Recorded data Block Start
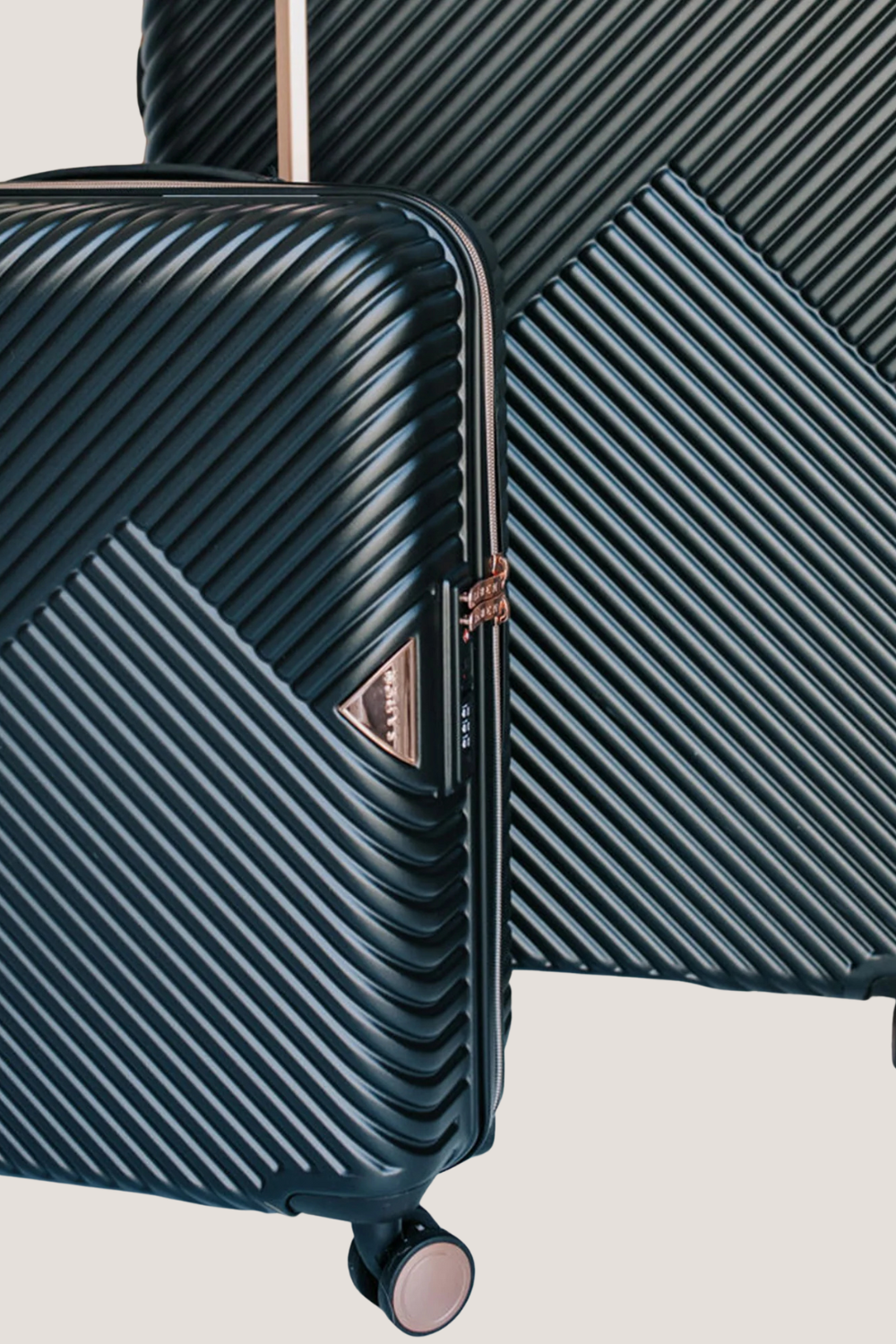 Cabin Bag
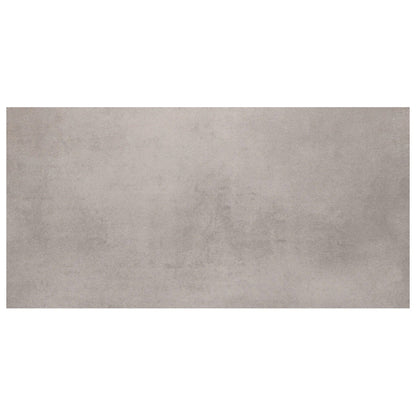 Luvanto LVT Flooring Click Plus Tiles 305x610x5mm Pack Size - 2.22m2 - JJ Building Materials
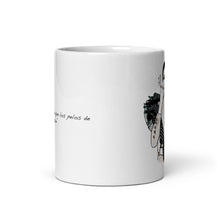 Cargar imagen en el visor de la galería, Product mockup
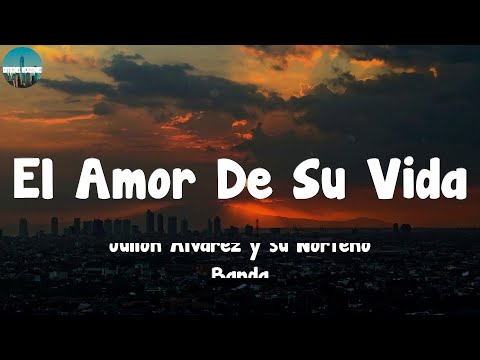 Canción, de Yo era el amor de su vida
Recorded data Block End
Could you reproduce the listing above exactly and drop every picture?

 Cabin Bag
 Luvanto LVT Flooring Click Plus Tiles 305x610x5mm Pack Size - 2.22m2 - JJ Building Materials
 Cargar imagen en el visor de la galería, Product mockup
 Canción, de Yo era el amor de su vida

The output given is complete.